Work to complete>
Print the full listing below exactly, keeping every character as it stands.
──────────
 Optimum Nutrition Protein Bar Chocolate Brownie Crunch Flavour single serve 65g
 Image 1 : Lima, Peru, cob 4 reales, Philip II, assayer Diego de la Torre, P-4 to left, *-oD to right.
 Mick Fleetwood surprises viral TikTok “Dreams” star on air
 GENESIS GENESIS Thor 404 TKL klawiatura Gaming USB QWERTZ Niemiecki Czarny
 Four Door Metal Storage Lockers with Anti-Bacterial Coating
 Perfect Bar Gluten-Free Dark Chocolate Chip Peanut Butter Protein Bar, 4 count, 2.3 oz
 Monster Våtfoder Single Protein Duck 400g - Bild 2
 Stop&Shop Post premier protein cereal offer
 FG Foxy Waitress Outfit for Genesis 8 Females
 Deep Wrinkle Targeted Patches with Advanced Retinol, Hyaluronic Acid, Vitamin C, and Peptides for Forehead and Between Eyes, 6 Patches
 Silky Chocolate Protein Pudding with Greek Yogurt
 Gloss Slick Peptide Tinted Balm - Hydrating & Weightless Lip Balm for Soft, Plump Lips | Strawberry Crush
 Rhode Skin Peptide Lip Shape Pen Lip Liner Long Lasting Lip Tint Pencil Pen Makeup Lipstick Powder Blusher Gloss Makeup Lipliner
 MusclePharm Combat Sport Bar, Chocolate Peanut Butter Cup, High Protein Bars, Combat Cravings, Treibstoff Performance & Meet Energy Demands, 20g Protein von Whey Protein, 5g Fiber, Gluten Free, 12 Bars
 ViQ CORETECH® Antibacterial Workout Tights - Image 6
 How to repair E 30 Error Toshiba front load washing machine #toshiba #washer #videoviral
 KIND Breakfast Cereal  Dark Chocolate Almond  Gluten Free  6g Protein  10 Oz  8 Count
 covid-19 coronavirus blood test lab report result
──────────
Answer to this problem>
 Optimum Nutrition Protein Bar Chocolate Brownie Crunch Flavour single serve 65g
 Image 1 : Lima, Peru, cob 4 reales, Philip II, assayer Diego de la Torre, P-4 to left, *-oD to right.
 Mick Fleetwood surprises viral TikTok “Dreams” star on air
 GENESIS GENESIS Thor 404 TKL klawiatura Gaming USB QWERTZ Niemiecki Czarny
 Four Door Metal Storage Lockers with Anti-Bacterial Coating
 Perfect Bar Gluten-Free Dark Chocolate Chip Peanut Butter Protein Bar, 4 count, 2.3 oz
 Monster Våtfoder Single Protein Duck 400g - Bild 2
 Stop&Shop Post premier protein cereal offer
 FG Foxy Waitress Outfit for Genesis 8 Females
 Deep Wrinkle Targeted Patches with Advanced Retinol, Hyaluronic Acid, Vitamin C, and Peptides for Forehead and Between Eyes, 6 Patches
 Silky Chocolate Protein Pudding with Greek Yogurt
 Gloss Slick Peptide Tinted Balm - Hydrating & Weightless Lip Balm for Soft, Plump Lips | Strawberry Crush
 Rhode Skin Peptide Lip Shape Pen Lip Liner Long Lasting Lip Tint Pencil Pen Makeup Lipstick Powder Blusher Gloss Makeup Lipliner
 MusclePharm Combat Sport Bar, Chocolate Peanut Butter Cup, High Protein Bars, Combat Cravings, Treibstoff Performance & Meet Energy Demands, 20g Protein von Whey Protein, 5g Fiber, Gluten Free, 12 Bars
 ViQ CORETECH® Antibacterial Workout Tights - Image 6
 How to repair E 30 Error Toshiba front load washing machine #toshiba #washer #videoviral
 KIND Breakfast Cereal  Dark Chocolate Almond  Gluten Free  6g Protein  10 Oz  8 Count
 covid-19 coronavirus blood test lab report result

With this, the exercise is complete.